I just got back with my meeting with the director of AustinOCD, and overall I think the meeting went well. The director of the center is Dr. M and he kind of looks like Richard Attenborough from Jurassic Park. The meeting was mostly "patient education" about OCD and what happens in the brain with this specific disorder. Dr. M refers to it as a "neurological glitch." This glitch happens in your frontal cortex, so you perceive danger where there is none.

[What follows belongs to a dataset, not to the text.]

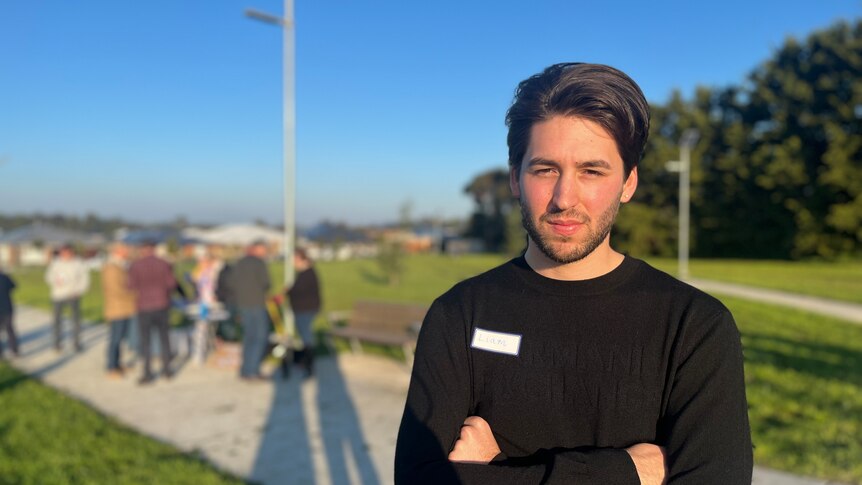 Brunette man looking into sun with crowd behind him in housing estate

Here are some of the other relevant things I learned from the meeting:
Medication: Dr. M discussed the medication switch I went through recently, and said that because I had such a hard time when I was starting the new medication, it might actually indicate that this particular med is going to be a good fit with my brain. It's kind of complicated, but because of something called "downregulation," when an SSRI is a good fit with your brain, it floods your body with serotonin, and so (at first) you end up producing less and so feeling worse. In the long term, though, once I adjust, it might indicate that the particular chemical in the Sertraline will help me a lot.
Prognosis: I had been nervous because when I first spoke with Dr. M he had referred to my condition as "severe." That totally freaked me out. I mean, yes, things have worsened with my condition, but it's scary to hear someone say you have a "severe" illness. He addressed that today with me - he said it sounds like the anxiety/"suffering" I've been going through is severe. However, he says he's very optimistic about my treatment based on my history with OCD and current disposition.

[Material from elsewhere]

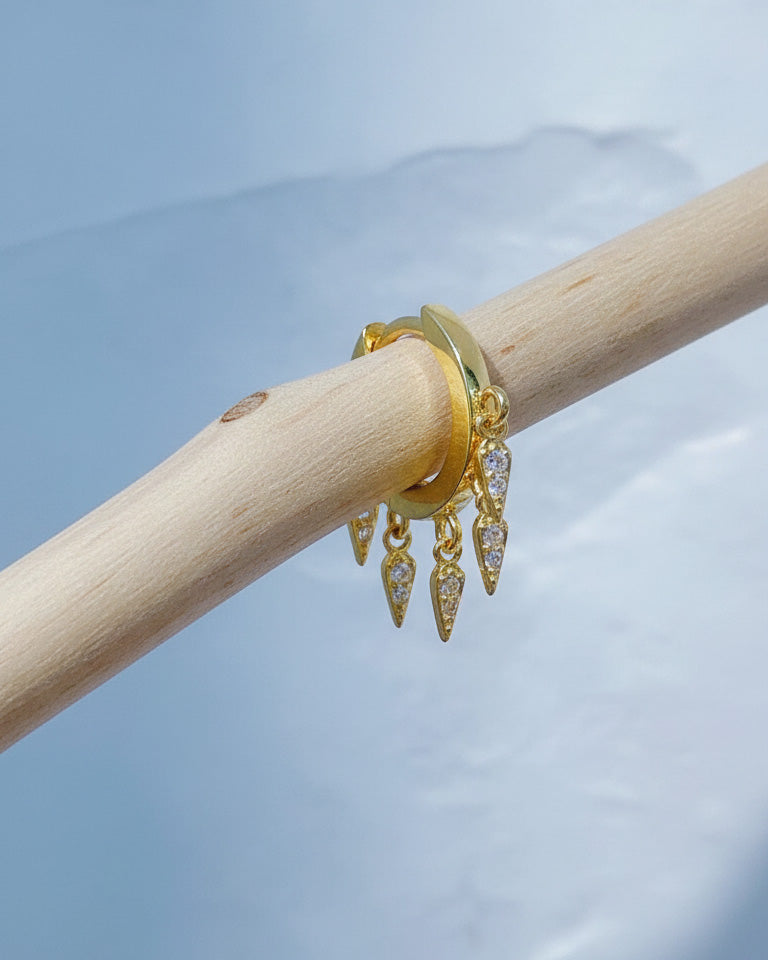 plain huggie hoop with dangling CZ kite shape earring.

Rituals: My homework this week is to "poke" at my OCD - just try to change little things in my rituals. I had been trying to tackle some ritual-changing on my own, and told him I started with trying to stay out of the house later because it was such a "big" ritual and so obnoxious. He asked why I'd started with something big and suggested I try to do small things instead. He emphasized I take on modest goals at first. Especially at the beginning of recovery, he said, it's a mistake to do too much.
Overall, I'm pretty positive about things right now, but it's soooo hard to just make slow, small gains. I am impatient and want to fix every problem right now.

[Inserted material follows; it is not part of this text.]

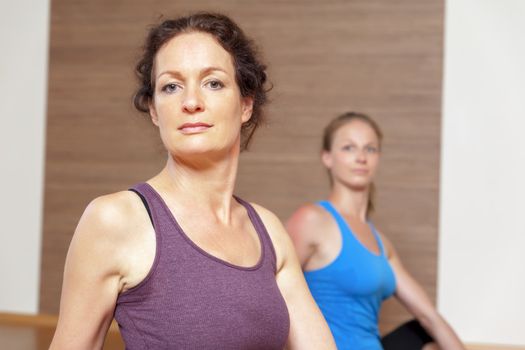 An image of some people doing yoga exercises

Sounds like you're really ready to fight the OCD. That's awesome!
ReplyDeleteI was shocked when my psychologist told me I had severe OCD too. When I set up the appointment with her, I told her that I had mild-to-moderate OCD. Imagine my surprise when she used the severe word. But, she did say that the good thing about severe OCD is that there are so many things to work on that you can usually get some small successes accomplished right away.
Be patient and kind with yourself. CBT and ERP are not easy. Best wishes!
Thank you so much for the encouragement! I'm definitely nervous about all the work to come, but I also want my life back a lot. I'm choosing to believe that because my condition is what doctors would call "severe," that means I was putting up with more than I should have to.
ReplyDeleteSarah, I am just like you. I want to hurry up and fix everything now. I have found that when I take on too much, too many rituals, I start feeling overwhelmed and then get down because I wasn't able to fix it all at once. I am trying to go slower . . .
ReplyDeleteTina - yes! Do we feel this way because OCD tends to cause perfectionism? I'm working on accepting the imperfection of having rituals that I don't really like.